# [WHAT NEEDS TO BE DONE]
Pictures aside, write out the data exactly as it reads.

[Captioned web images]
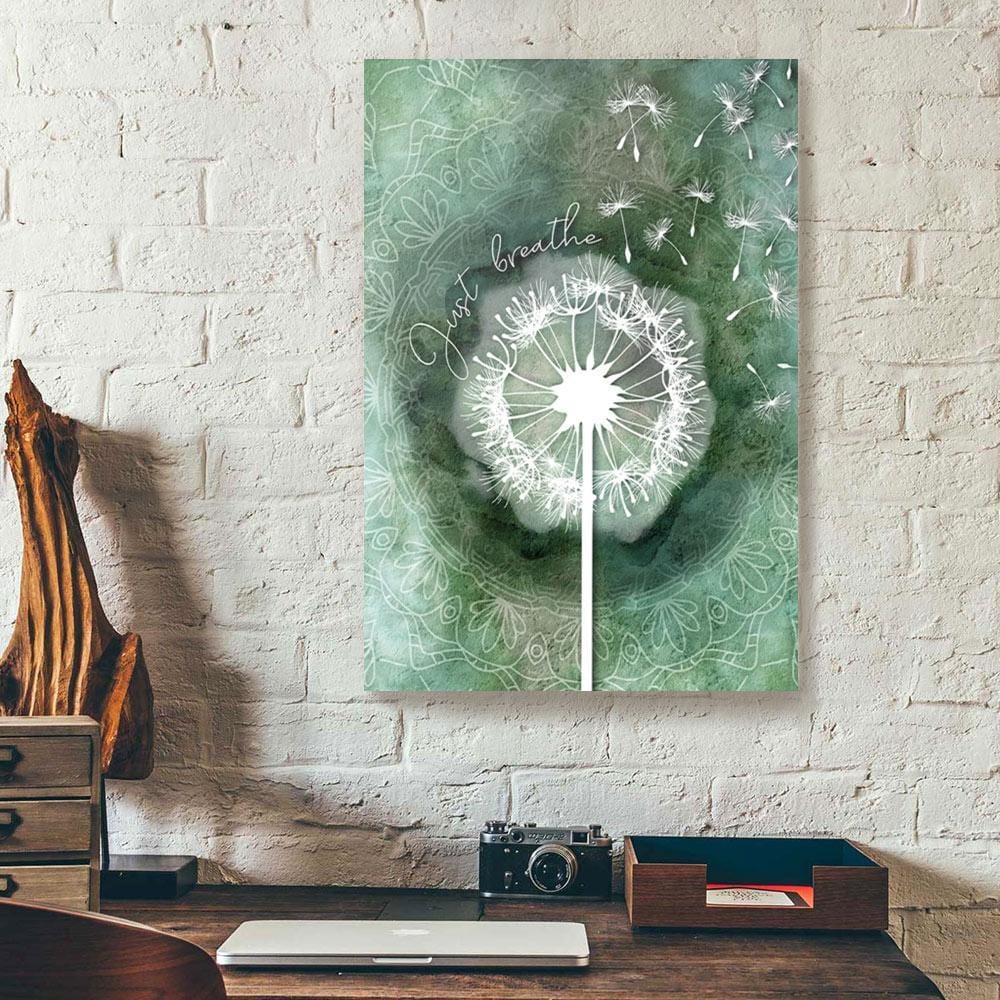 Canvas Artwork Just Breathe Dandelion Yoga Flower Wall Art Canvas Wall Art Home Decoration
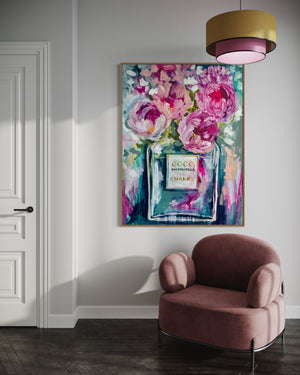 Glowing Misty River Gums -Original on Belgian linen 90x120 cm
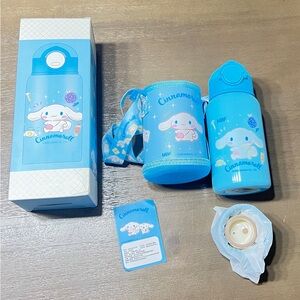 Sanrio Cinnamoroll Stainless Steel Insulated Water Bottle With Cup Straw And Bag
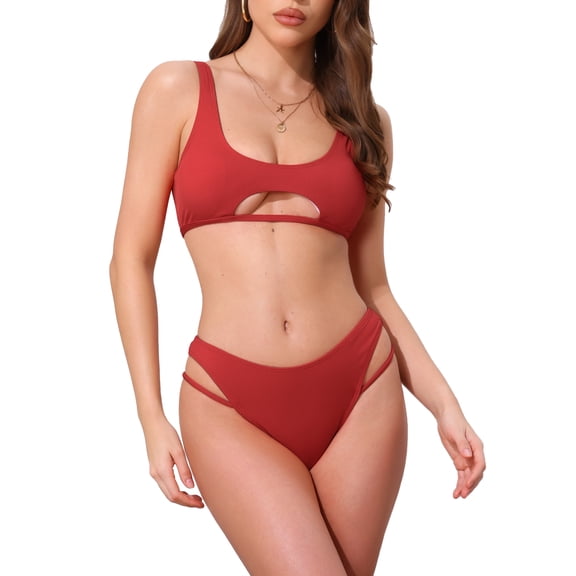 DARING DIVA Women's Cutout Racerback Ribbed Bikini Set X-Small Red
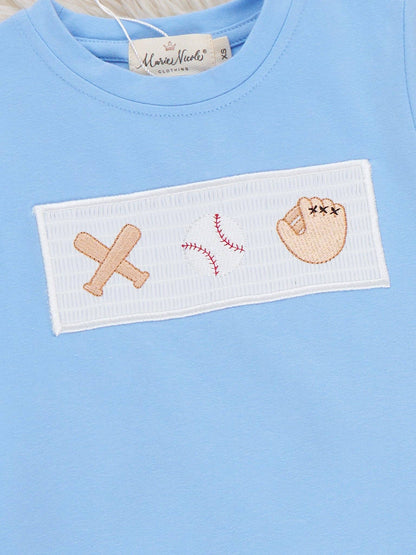 Home Run Batter Smocked Cotton Outfit: (5yrs)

# [REPLY]
 Canvas Artwork Just Breathe Dandelion Yoga Flower Wall Art Canvas Wall Art Home Decoration
 Glowing Misty River Gums -Original on Belgian linen 90x120 cm
 Sanrio Cinnamoroll Stainless Steel Insulated Water Bottle With Cup Straw And Bag
 DARING DIVA Women's Cutout Racerback Ribbed Bikini Set X-Small Red
 Home Run Batter Smocked Cotton Outfit: (5yrs)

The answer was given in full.